The authors of the McKinsey study say the path forward is clear. “Companies need to take bold steps to address burnout. They need to recognize and reward the women leaders who are driving progress. And they need to do the deep cultural work required to create a workplace where all women feel valued.”
Diversity in numbers, however, isn’t enough. Companies, they write, also must “create a culture that fully leverages the benefits of diversity.”
They must create a culture in which “women, and all employees, feel comfortable bringing their unique ideas, perspectives, and experiences to the table. When women are respected and their contributions are valued, they are more likely to be happy in their jobs and feel connected to their coworkers.”
The authors of the study outline a number of steps to build a more inclusive culture.

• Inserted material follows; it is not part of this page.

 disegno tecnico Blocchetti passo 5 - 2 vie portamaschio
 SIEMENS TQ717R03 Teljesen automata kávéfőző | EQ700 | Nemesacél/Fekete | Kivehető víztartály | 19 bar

- Putting more practices in place to ensure promotions are equitable.
- Tracking representation and hiring and promotion outcomes more fully.
- Increasing their efforts when it comes to accountability from both senior leaders and managers.
- Ensuring senior leaders fully and publicly support DEI efforts.
- Ensuring that DEI initiatives are appropriately resourced across their organizations.
- Training employees so everyone understands the barriers women face and the benefits of a more inclusive culture. “It takes consistent reinforcement to reshape deep-rooted biases and change behavior, so a one-and-done approach to training is not enough,” they write.
- Communicating clearly what is expected and what an inclusive culture means.
The McKinsey study concludes with advice for combatting burnout. They suggest managers should focus on three areas:
- Modeling work-life boundaries;
- Supporting employee well-being;
- Ensuring that performance is evaluated based on results.
As part of this effort, managers should be mindful that their day-to-day feedback isn’t “inadvertently signaling that long hours and face time are unspoken measures of performance.” Also, managers should watch for signs of burnout, adjusting workloads as necessary.
How Can You Thoughtfully Change Your Culture?
At PROPEL, we define culture as the collection of words, actions, thoughts, and “stuff” that clarifies and reinforces what is truly valued inside your organization. PROPEL can help you navigate the issues that make it harder to move the company forward, like burnout and DEI issues.
As you work on your culture, you might also recognize the huge opportunity that the current disruption brings. More talented people are on the job market now than ever before. If you have a welcoming, supportive culture, you could attract the best and brightest to your company. Creating and sustaining a healthy culture is also the best way to keep your existing employees engaged.